Und damit schwindet die Relevanz von Branchentarifverträgen abermals. „Für die Arbeitnehmervertreter ist das ein Dilemma“, sagt Hirsch-Kreinsen. „Tarifverträge werden zwar differenzierter. Die großen Gewerkschaften büßen aber an Schlagkraft gegenüber den Arbeitgebern ein.“ Dafür werden Splitter- und Berufsgewerkschaften immer mächtiger.
Angst vor Streikwellen
Das spüren nicht nur die Arbeitnehmervereinigungen, sondern auch Unternehmen. Sie fürchten sich vor regelrechten Streikwellen, wenn sie nicht nur mit einer Gewerkschaft Tarifverträge verhandeln, sondern gleich mit mehreren. Die Lufthansa etwa führt mit der Vereinigung Cockpit Gespräche, mit Vertretern von Verdi und der „Unabhängige Flugbegleiter Organisation“. Der frühere Lufthansa-Chef Christoph Franz forderte deshalb die Tarifeinheit. Das hieße: ein Unternehmen, eine Gewerkschaft.
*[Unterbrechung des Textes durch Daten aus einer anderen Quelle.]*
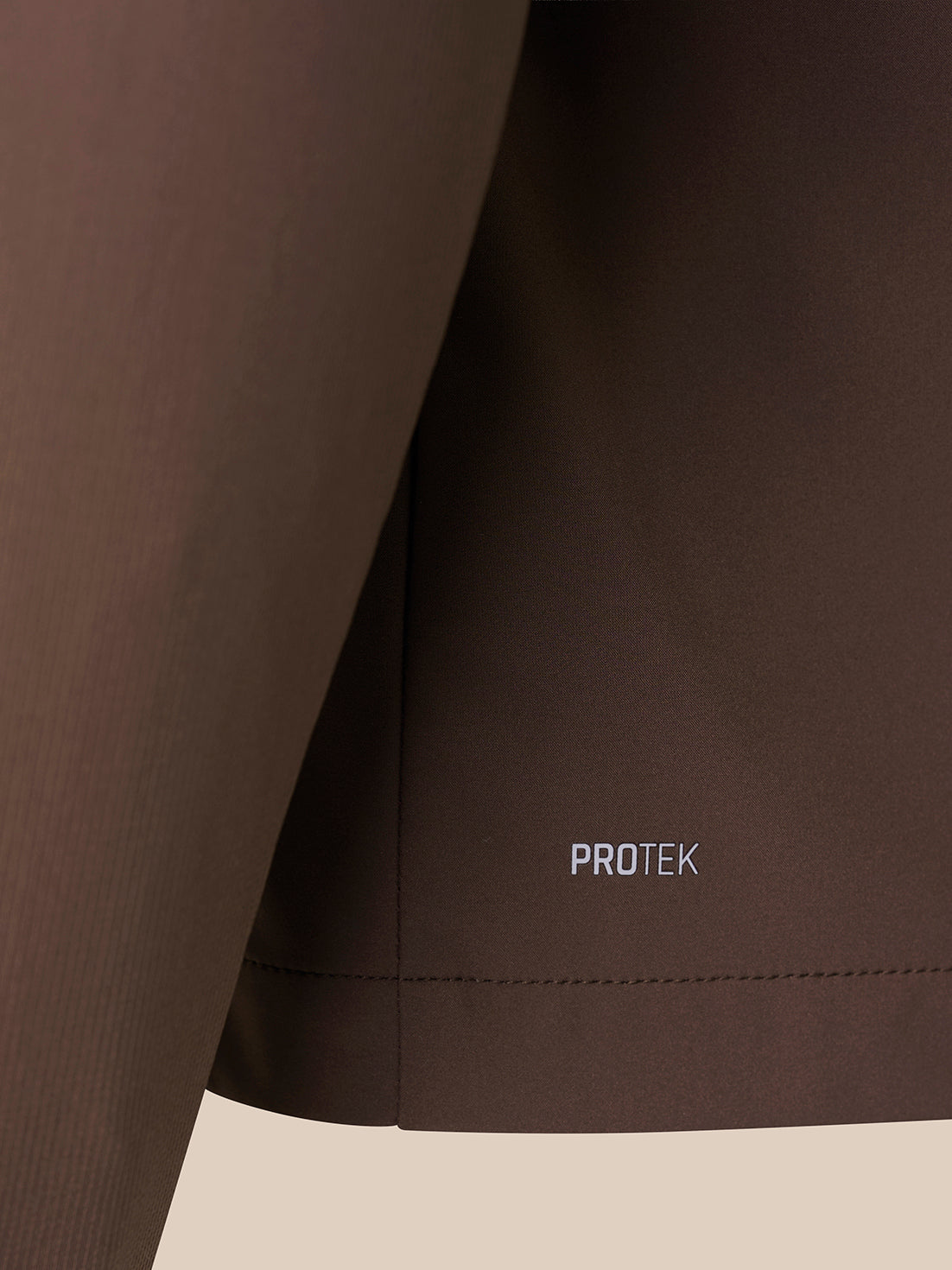 Close-up of a dark brown athletic garment showing the side seam and hem with the word PROTEK printed in small white text.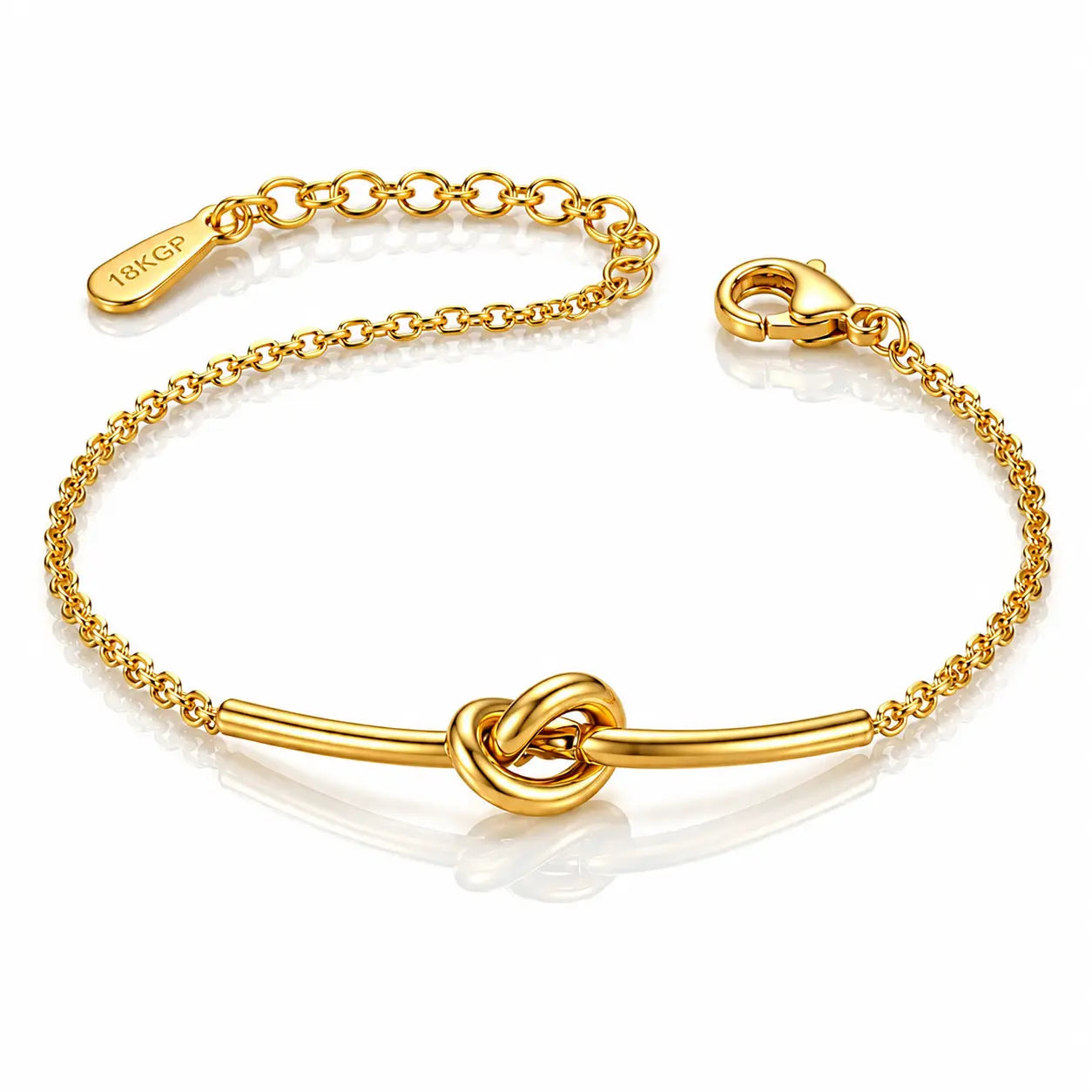 A gold chain bracelet with a central bar and knot design, featuring a lobster clasp and an adjustable chain extender engraved with the brand name 'TOKYO'.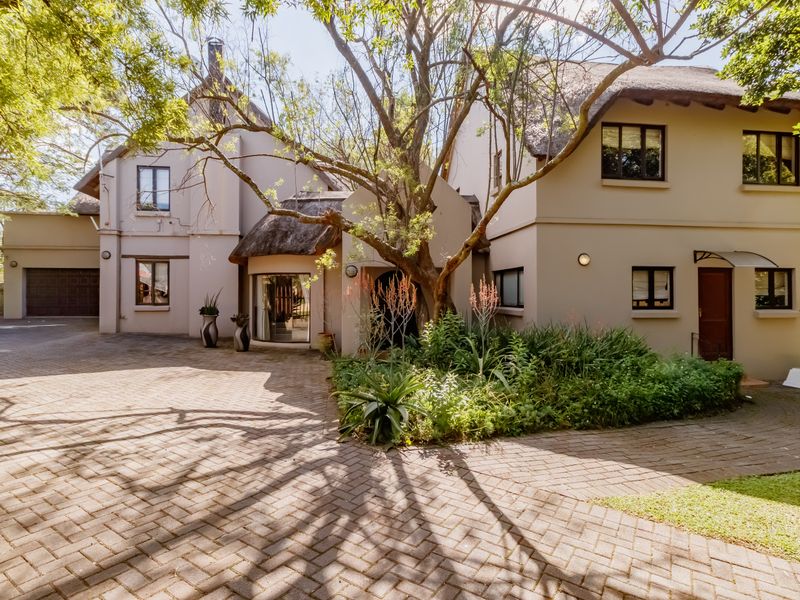 A well-maintained front exterior view of a house featuring a thatched roof, paved driveway, and established garden landscaping.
Langfristig könnte das Ungleichgewicht zwischen Arbeitnehmer- und Arbeitgebervertretern sogar die Tarifautonomie gefährden, warnen Experten. Schließlich setzt das voraus, dass zwischen den Tarifparteien ein Machtgleichgewicht besteht. „Und diese Balance sollte auch gewahrt bleiben“, sagt Hagen Lesch, Leiter der Themenbereiche Strukturwandel, Verteilung, Lohnfindung beim arbeitgebernahen Institut der deutschen Wirtschaft (IW). „Andernfalls gefährdet die ungleiche Machtverteilung zwischen Arbeitgebern und Arbeitnehmern das Gleichgewicht in der Gesellschaft.“
Die Machtbalance zwischen beiden Lagern könnte sich künftig weiter verändern. Die Bundesregierung arbeitet an einem Gesetz, das dem Wettbewerb unter den Gewerkschaften ein Ende bereiten könnte. Es soll festlegen, welcher Tarifvertrag in einem Unternehmen gilt, wenn mehrere Gewerkschaften miteinander konkurrieren. Möglicherweise wäre dies das Aus für viele Spartengewerkschaften.